BEGIN Dataset excerpt

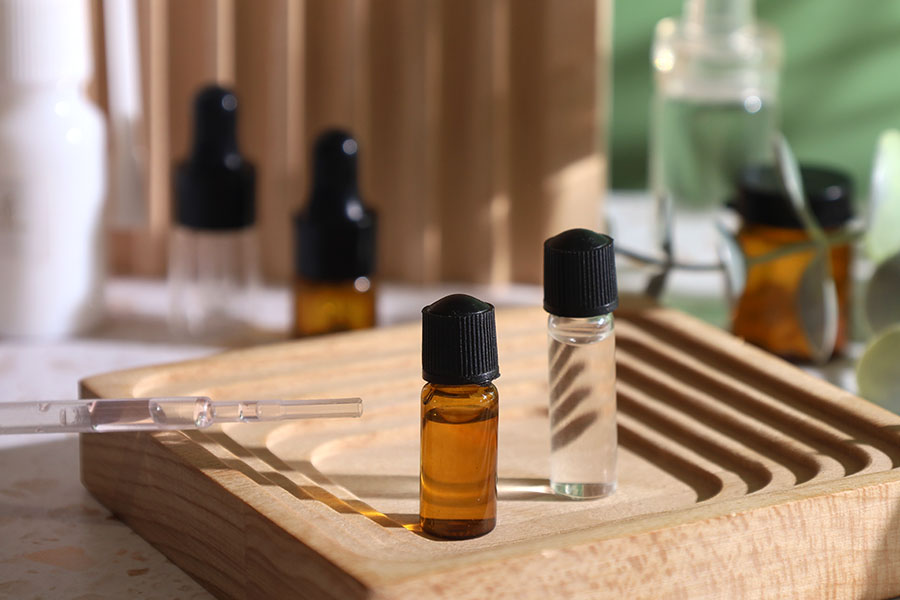 Mini staklena bočica 1mL, sa crnim, plastičnim navojnim zatvaračem - 25 kom-grupa_slika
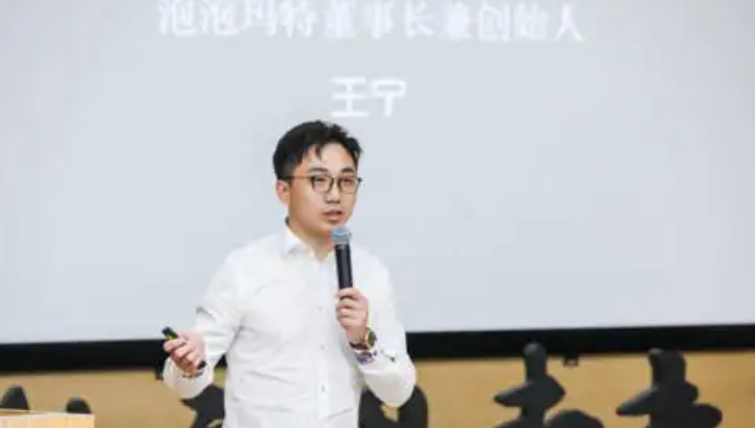 河南80后年轻富豪，利用人性弱点狂割“韭菜”，大赚500亿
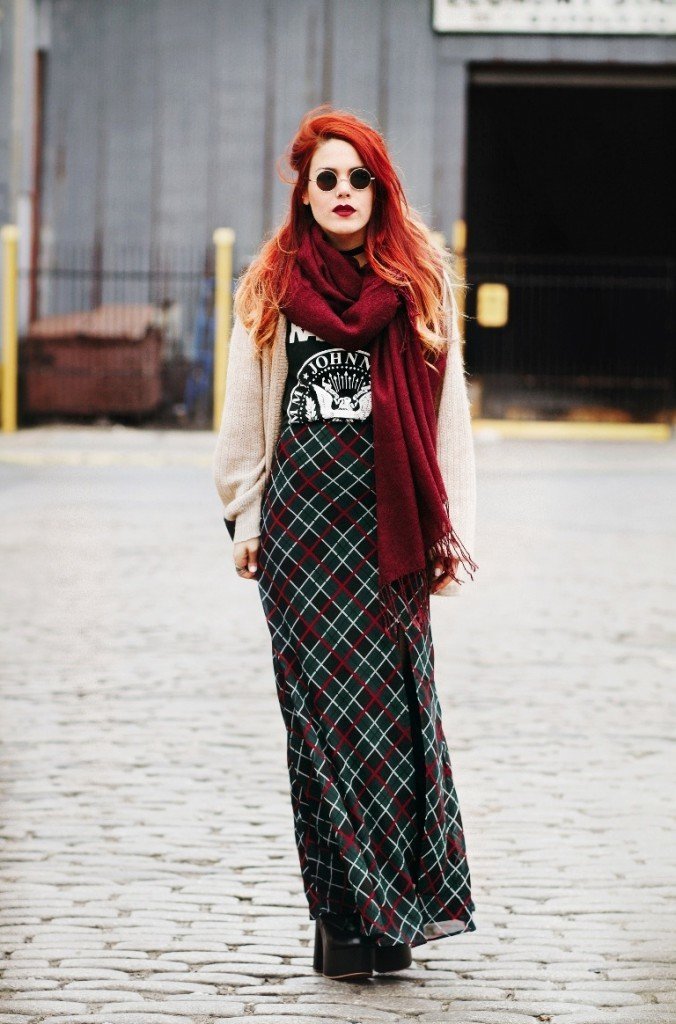 4.-checkered-maxi-skirt-with-graphic-top-and-scarf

END Dataset excerpt

▶ [Required work]
In transcribing the lines above, omit the images and keep all else exact.

▶ [Written answer]
 Mini staklena bočica 1mL, sa crnim, plastičnim navojnim zatvaračem - 25 kom-grupa_slika
 河南80后年轻富豪，利用人性弱点狂割“韭菜”，大赚500亿
 4.-checkered-maxi-skirt-with-graphic-top-and-scarf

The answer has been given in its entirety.